→ **EXERCISE INSTRUCTIONS**:
Restate word for word the lines in the listing below, starting at the line containing "Bestjing 2 Pack" and ending at the line containing "Denarius - Juba", both included; leave out the rest.
═══ GIVEN DATA ═══
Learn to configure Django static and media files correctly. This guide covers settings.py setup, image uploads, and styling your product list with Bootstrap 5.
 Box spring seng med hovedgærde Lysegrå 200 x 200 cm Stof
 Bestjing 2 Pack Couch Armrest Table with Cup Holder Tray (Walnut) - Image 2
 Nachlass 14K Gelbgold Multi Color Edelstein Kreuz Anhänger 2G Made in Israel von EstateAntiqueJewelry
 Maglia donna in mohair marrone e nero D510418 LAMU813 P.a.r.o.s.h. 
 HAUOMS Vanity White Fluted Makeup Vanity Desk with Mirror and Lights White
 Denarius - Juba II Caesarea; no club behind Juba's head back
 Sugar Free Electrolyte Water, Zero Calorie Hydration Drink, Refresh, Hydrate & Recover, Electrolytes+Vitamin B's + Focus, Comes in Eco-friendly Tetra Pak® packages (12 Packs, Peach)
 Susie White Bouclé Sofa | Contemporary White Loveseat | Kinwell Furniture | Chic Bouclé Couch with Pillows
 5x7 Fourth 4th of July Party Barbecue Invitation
═══
→ **EXERCISE ANSWER**:
 Bestjing 2 Pack Couch Armrest Table with Cup Holder Tray (Walnut) - Image 2
 Nachlass 14K Gelbgold Multi Color Edelstein Kreuz Anhänger 2G Made in Israel von EstateAntiqueJewelry
 Maglia donna in mohair marrone e nero D510418 LAMU813 P.a.r.o.s.h. 
 HAUOMS Vanity White Fluted Makeup Vanity Desk with Mirror and Lights White
 Denarius - Juba II Caesarea; no club behind Juba's head back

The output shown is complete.